Read this article for an in-depth guide on how to profile your website using the Chrome DevTools Performance tab.

Main thread work in Lighthouse​

Google's Lighthouse tool, which also powers the PageSpeed Insights lab data, can give you a breakdown of main thread work by activity type. Long chunks of CPU activity will increase the Total Blocking Time metric.

Minimize main thread work Lighthouse audit

The "Reduce JavaScript execution time" audit also breaks down main thread CPU activity – work done off the main thread is not included.

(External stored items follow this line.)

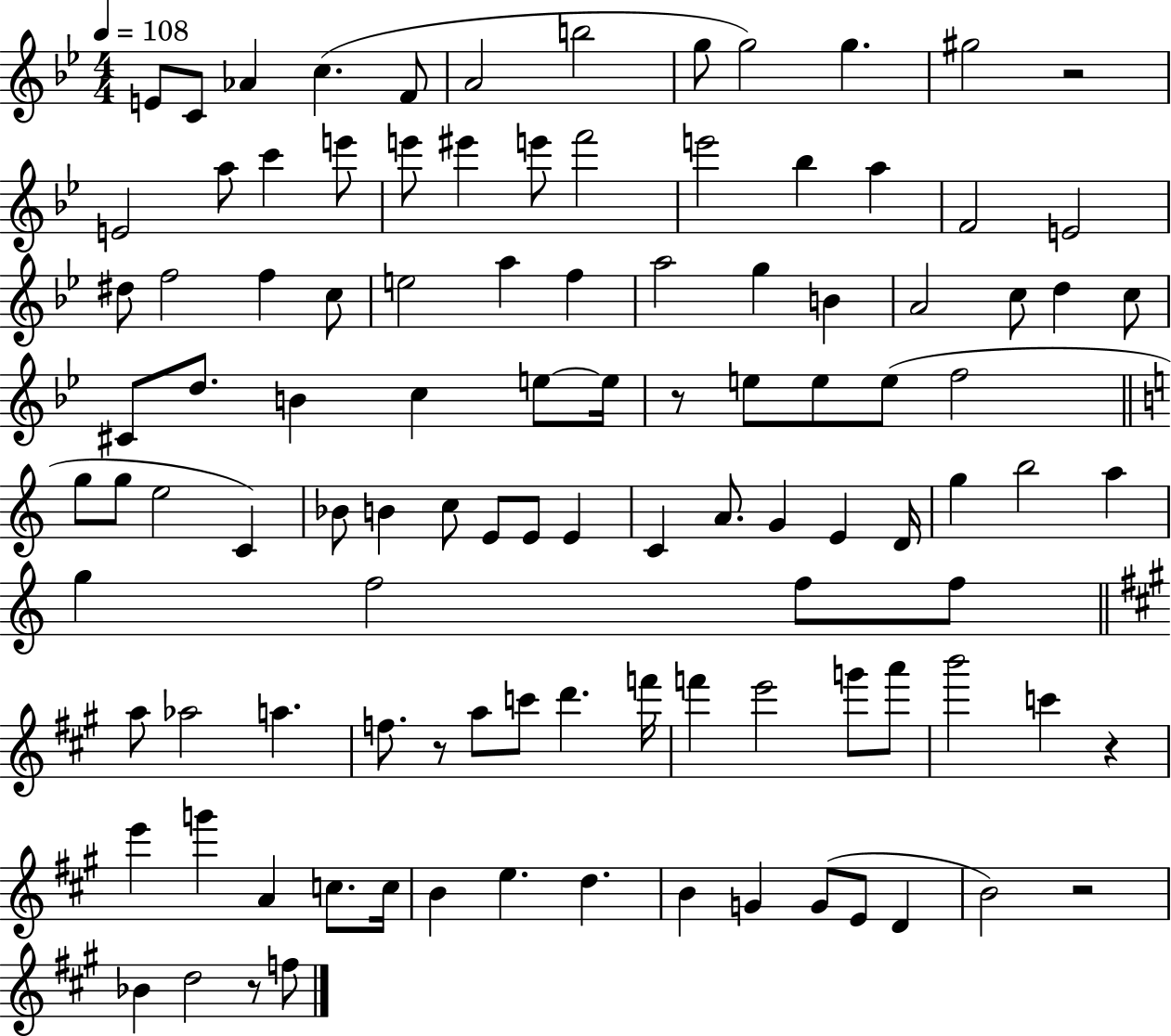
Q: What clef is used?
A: treble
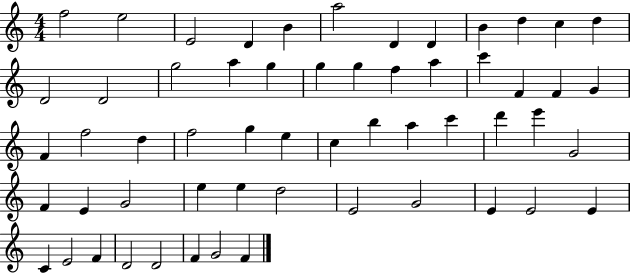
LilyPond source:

{
  \clef treble
  \numericTimeSignature
  \time 4/4
  \key c \major
  f''2 e''2 | e'2 d'4 b'4 | a''2 d'4 d'4 | b'4 d''4 c''4 d''4 | \break d'2 d'2 | g''2 a''4 g''4 | g''4 g''4 f''4 a''4 | c'''4 f'4 f'4 g'4 | \break f'4 f''2 d''4 | f''2 g''4 e''4 | c''4 b''4 a''4 c'''4 | d'''4 e'''4 g'2 | \break f'4 e'4 g'2 | e''4 e''4 d''2 | e'2 g'2 | e'4 e'2 e'4 | \break c'4 e'2 f'4 | d'2 d'2 | f'4 g'2 f'4 | \bar "|."
}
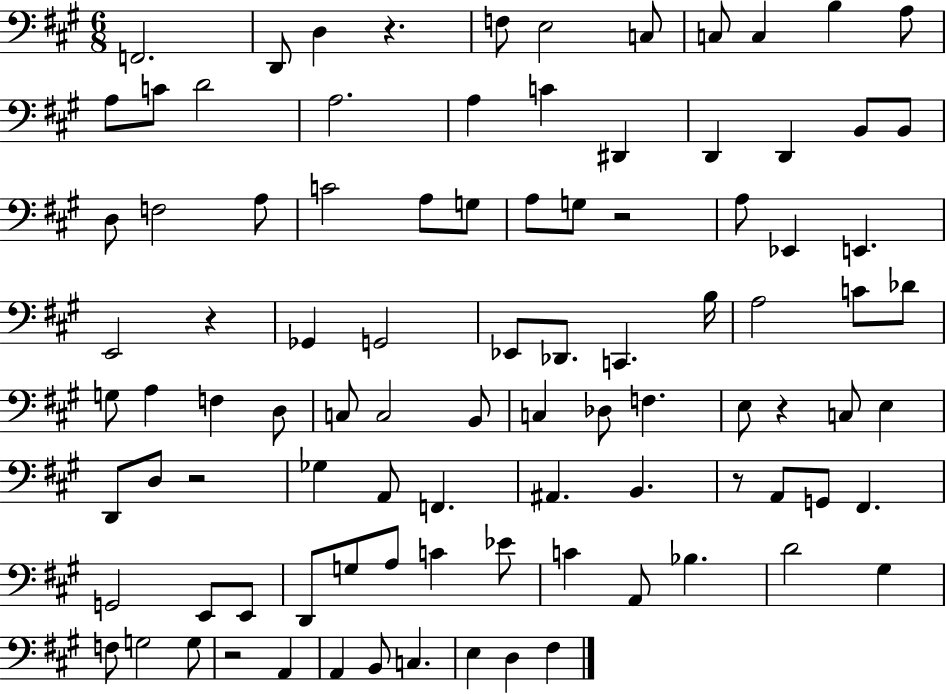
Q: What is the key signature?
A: A major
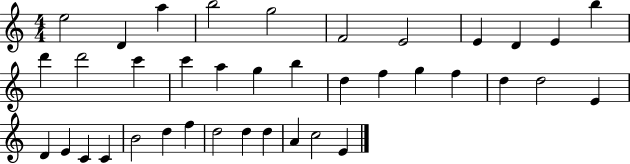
X:1
T:Untitled
M:4/4
L:1/4
K:C
e2 D a b2 g2 F2 E2 E D E b d' d'2 c' c' a g b d f g f d d2 E D E C C B2 d f d2 d d A c2 E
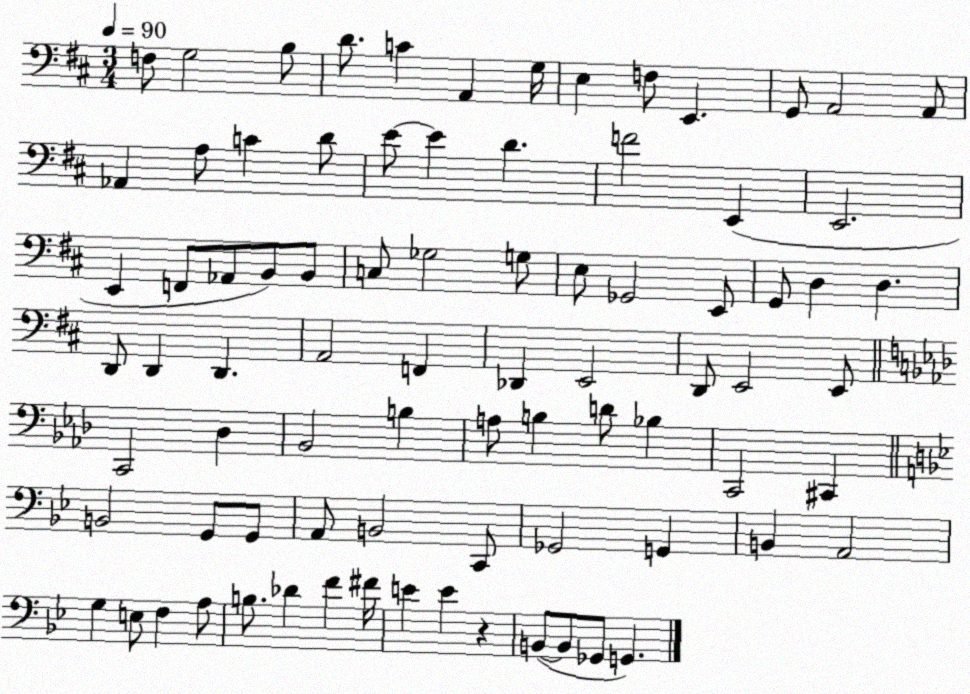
X:1
T:Untitled
M:3/4
L:1/4
K:D
F,/2 G,2 B,/2 D/2 C A,, G,/4 E, F,/2 E,, G,,/2 A,,2 A,,/2 _A,, A,/2 C D/2 E/2 E D F2 E,, E,,2 E,, F,,/2 _A,,/2 B,,/2 B,,/2 C,/2 _G,2 G,/2 E,/2 _G,,2 E,,/2 G,,/2 D, D, D,,/2 D,, D,, A,,2 F,, _D,, E,,2 D,,/2 E,,2 E,,/2 C,,2 _D, _B,,2 B, A,/2 B, D/2 _B, C,,2 ^C,, B,,2 G,,/2 G,,/2 A,,/2 B,,2 C,,/2 _G,,2 G,, B,, A,,2 G, E,/2 F, A,/2 B,/2 _D F ^F/4 E E z B,,/2 B,,/2 _G,,/2 G,,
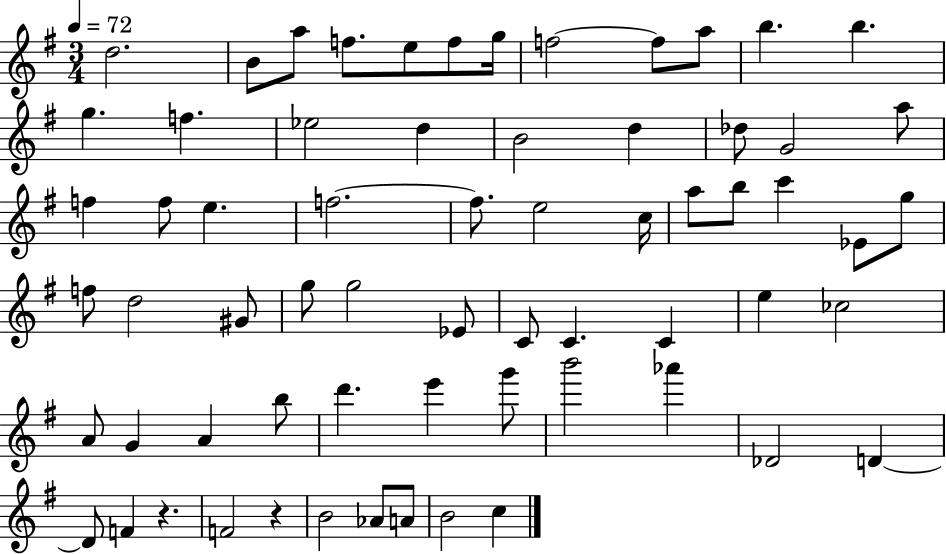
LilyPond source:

{
  \clef treble
  \numericTimeSignature
  \time 3/4
  \key g \major
  \tempo 4 = 72
  d''2. | b'8 a''8 f''8. e''8 f''8 g''16 | f''2~~ f''8 a''8 | b''4. b''4. | \break g''4. f''4. | ees''2 d''4 | b'2 d''4 | des''8 g'2 a''8 | \break f''4 f''8 e''4. | f''2.~~ | f''8. e''2 c''16 | a''8 b''8 c'''4 ees'8 g''8 | \break f''8 d''2 gis'8 | g''8 g''2 ees'8 | c'8 c'4. c'4 | e''4 ces''2 | \break a'8 g'4 a'4 b''8 | d'''4. e'''4 g'''8 | b'''2 aes'''4 | des'2 d'4~~ | \break d'8 f'4 r4. | f'2 r4 | b'2 aes'8 a'8 | b'2 c''4 | \break \bar "|."
}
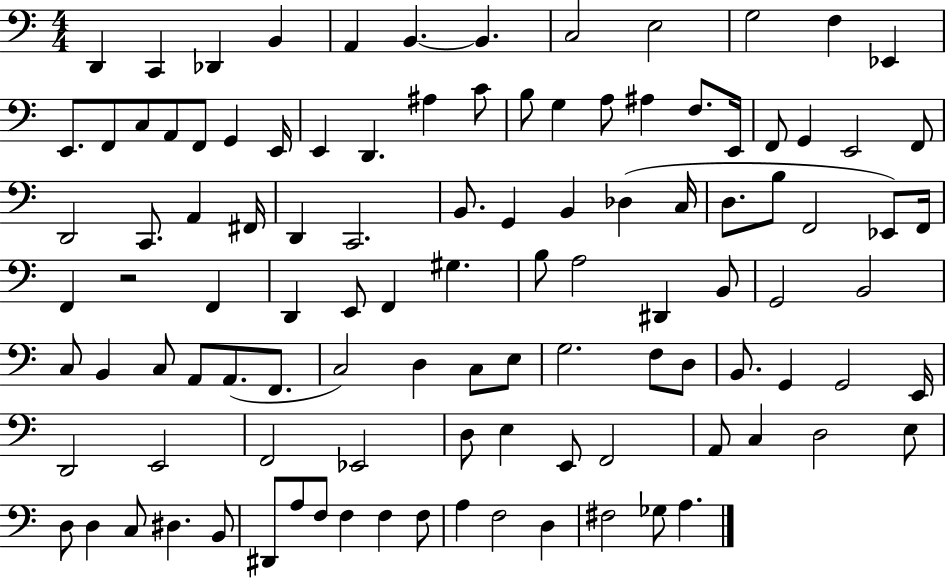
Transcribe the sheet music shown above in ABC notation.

X:1
T:Untitled
M:4/4
L:1/4
K:C
D,, C,, _D,, B,, A,, B,, B,, C,2 E,2 G,2 F, _E,, E,,/2 F,,/2 C,/2 A,,/2 F,,/2 G,, E,,/4 E,, D,, ^A, C/2 B,/2 G, A,/2 ^A, F,/2 E,,/4 F,,/2 G,, E,,2 F,,/2 D,,2 C,,/2 A,, ^F,,/4 D,, C,,2 B,,/2 G,, B,, _D, C,/4 D,/2 B,/2 F,,2 _E,,/2 F,,/4 F,, z2 F,, D,, E,,/2 F,, ^G, B,/2 A,2 ^D,, B,,/2 G,,2 B,,2 C,/2 B,, C,/2 A,,/2 A,,/2 F,,/2 C,2 D, C,/2 E,/2 G,2 F,/2 D,/2 B,,/2 G,, G,,2 E,,/4 D,,2 E,,2 F,,2 _E,,2 D,/2 E, E,,/2 F,,2 A,,/2 C, D,2 E,/2 D,/2 D, C,/2 ^D, B,,/2 ^D,,/2 A,/2 F,/2 F, F, F,/2 A, F,2 D, ^F,2 _G,/2 A,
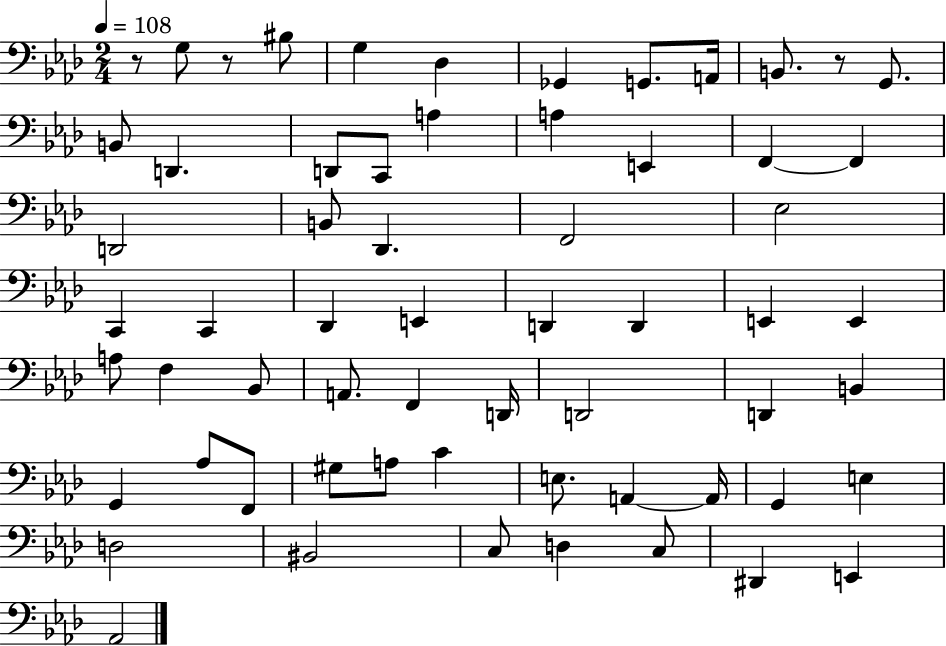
X:1
T:Untitled
M:2/4
L:1/4
K:Ab
z/2 G,/2 z/2 ^B,/2 G, _D, _G,, G,,/2 A,,/4 B,,/2 z/2 G,,/2 B,,/2 D,, D,,/2 C,,/2 A, A, E,, F,, F,, D,,2 B,,/2 _D,, F,,2 _E,2 C,, C,, _D,, E,, D,, D,, E,, E,, A,/2 F, _B,,/2 A,,/2 F,, D,,/4 D,,2 D,, B,, G,, _A,/2 F,,/2 ^G,/2 A,/2 C E,/2 A,, A,,/4 G,, E, D,2 ^B,,2 C,/2 D, C,/2 ^D,, E,, _A,,2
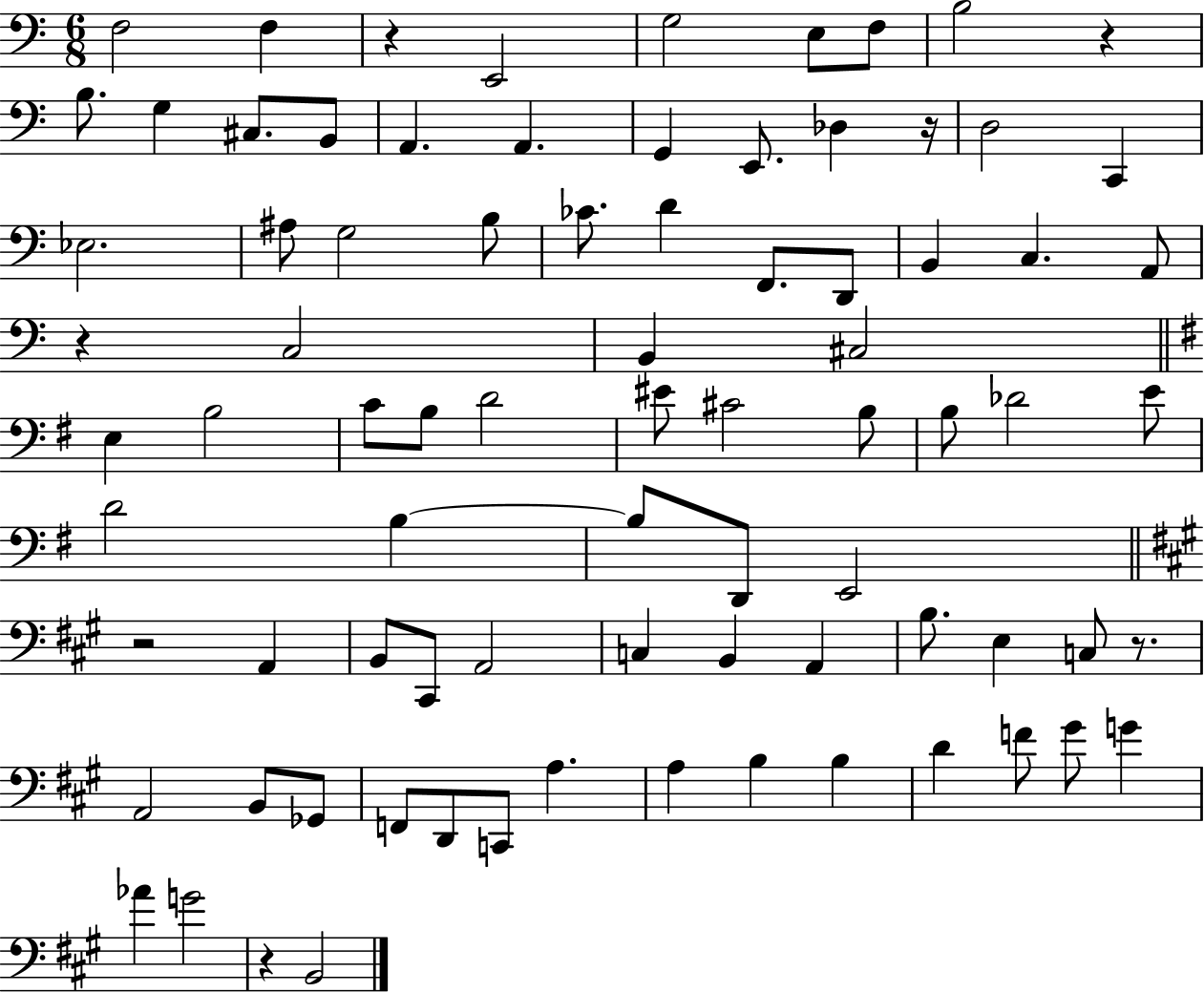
X:1
T:Untitled
M:6/8
L:1/4
K:C
F,2 F, z E,,2 G,2 E,/2 F,/2 B,2 z B,/2 G, ^C,/2 B,,/2 A,, A,, G,, E,,/2 _D, z/4 D,2 C,, _E,2 ^A,/2 G,2 B,/2 _C/2 D F,,/2 D,,/2 B,, C, A,,/2 z C,2 B,, ^C,2 E, B,2 C/2 B,/2 D2 ^E/2 ^C2 B,/2 B,/2 _D2 E/2 D2 B, B,/2 D,,/2 E,,2 z2 A,, B,,/2 ^C,,/2 A,,2 C, B,, A,, B,/2 E, C,/2 z/2 A,,2 B,,/2 _G,,/2 F,,/2 D,,/2 C,,/2 A, A, B, B, D F/2 ^G/2 G _A G2 z B,,2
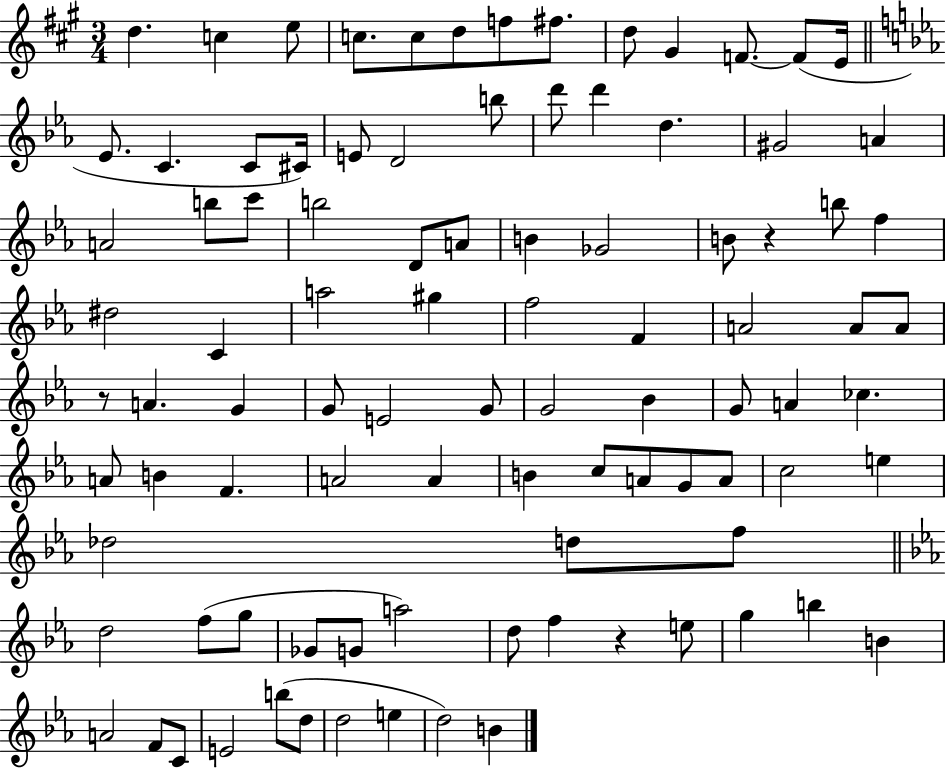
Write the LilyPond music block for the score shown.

{
  \clef treble
  \numericTimeSignature
  \time 3/4
  \key a \major
  d''4. c''4 e''8 | c''8. c''8 d''8 f''8 fis''8. | d''8 gis'4 f'8.~~ f'8( e'16 | \bar "||" \break \key c \minor ees'8. c'4. c'8 cis'16) | e'8 d'2 b''8 | d'''8 d'''4 d''4. | gis'2 a'4 | \break a'2 b''8 c'''8 | b''2 d'8 a'8 | b'4 ges'2 | b'8 r4 b''8 f''4 | \break dis''2 c'4 | a''2 gis''4 | f''2 f'4 | a'2 a'8 a'8 | \break r8 a'4. g'4 | g'8 e'2 g'8 | g'2 bes'4 | g'8 a'4 ces''4. | \break a'8 b'4 f'4. | a'2 a'4 | b'4 c''8 a'8 g'8 a'8 | c''2 e''4 | \break des''2 d''8 f''8 | \bar "||" \break \key ees \major d''2 f''8( g''8 | ges'8 g'8 a''2) | d''8 f''4 r4 e''8 | g''4 b''4 b'4 | \break a'2 f'8 c'8 | e'2 b''8( d''8 | d''2 e''4 | d''2) b'4 | \break \bar "|."
}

Reduce JavaScript execution time Lighthouse audit

Finally, Lighthouse can identify third party code that's used on your website. The "Reduce the impact of third-party code" shows what third parties were detected and how big their impact was. If a third-party JavaScript file has a big impact on performance you can reconsider whether it's worth the cost.

Reduce the impact of third-party code Lighthouse audit

Main thread work in DebugBear​

DebugBear can track CPU activity over time and alert you when there's a regression. Each test result also includes a full Lighthouse report.

DebugBear CPU activity timeline

DebugBear also monitors the high-level performance metrics for your website.

DebugBear Core Web Vitals

What are the different CPU activity categories used in Lighthouse?​

Lighthouse uses the following categories:

  • Script Evaluation
  • Style & Layout
  • Rendering
  • Parse HTML & CSS
  • Garbage Collection
  • Script Parsing & Compilation
  • Other

The Lighthouse source code shows exactly what's included in each category.

DebugBear also reports JS time, which combines JavaScript Parse/Compile time with Script Evaluation time.

You may see a large amount of "Other" activity for a visually complex page. Many web performance testing environments don't have a GPU, so additional CPU work is required instead.